Sarraille: Culture fit should be a question of whether their values align with yours and whether they exhibit those values in their behavior. Regardless of all other circumstances, ask yourself whether they demonstrated those day-to-day behaviors in the interview.

Booker: There is an idea in the book cautioning against “fighting the last war.” What does that mean?

Sarraille: Once you have a process that works, you tend to get comfortable and complacent. In Special Operations, I’d be in Iraq for one deployment and then next in Afghanistan. We had to be cautious and remind each other, “Do not fight the last war.” What worked in Iraq doesn’t lead to success in Afghanistan. We knew we had great operators in Iraq and Afghan, but what made them successful is different from an operator who will be successful in 10 years. From a talent perspective, start creating a profile for what might be required five or ten years from now.

Randle: To do that, you need a feedback loop. Special Operations is always asking about the profile we need for the future. Keep asking what you might need several years down the road, keep evolving. If you’re hiring for the problems of today, you’re not prepared for when Covid-19 hits, or the next change in market conditions.

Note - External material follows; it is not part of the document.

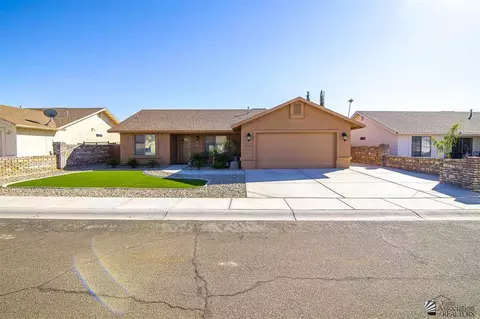 10233 E 38 Pl, Yuma, AZ 85365 photo 3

Sarraille: After my second deployment, I was sitting with a Vietnam SEAL who had faced a much more violent war. He said, “You guys are better than us.” At the time, I couldn’t understand that because they’re the generation that got me to enlist and become an officer. Now I understand. When I look at the next generation of SEALs, as proud as I am of my 10 combat deployments—these guys are better than us. They’re better because the process kept evolving for the asymmetric wars that were coming. That same mindset is needed to succeed in the asymmetric business conditions coming our way now.

The conversation has been edited and condensed for clarity.